What you are asked to do: With the pictures omitted, print exactly the lines below, from the one containing "Beautician applying cosmetics" through the one containing "A tranquil beach", and nothing else.

═══ Exercise materials ═══

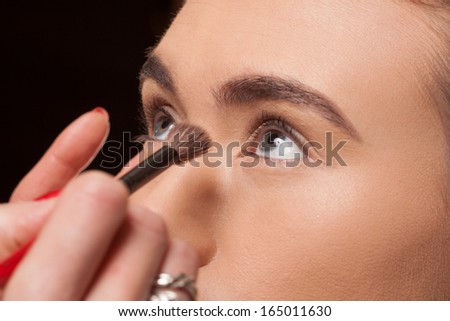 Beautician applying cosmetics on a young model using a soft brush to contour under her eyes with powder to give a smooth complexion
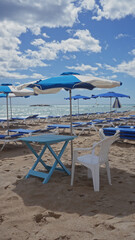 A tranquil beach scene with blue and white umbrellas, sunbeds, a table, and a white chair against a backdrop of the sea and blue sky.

═══
═══ Exercise materials ═══

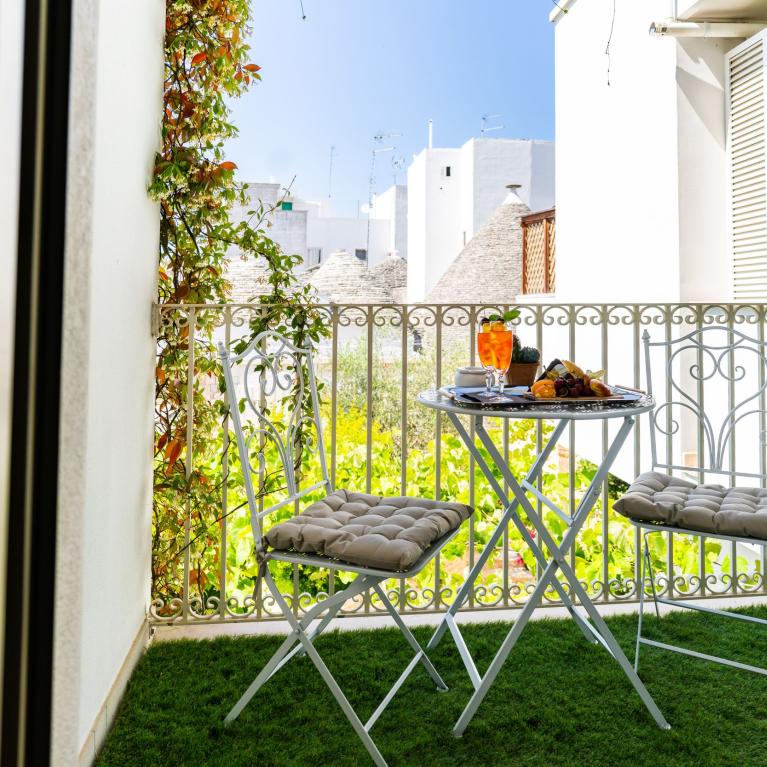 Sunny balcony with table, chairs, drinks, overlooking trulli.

═══

Solution to this problem:
 Beautician applying cosmetics on a young model using a soft brush to contour under her eyes with powder to give a smooth complexion
 A tranquil beach scene with blue and white umbrellas, sunbeds, a table, and a white chair against a backdrop of the sea and blue sky.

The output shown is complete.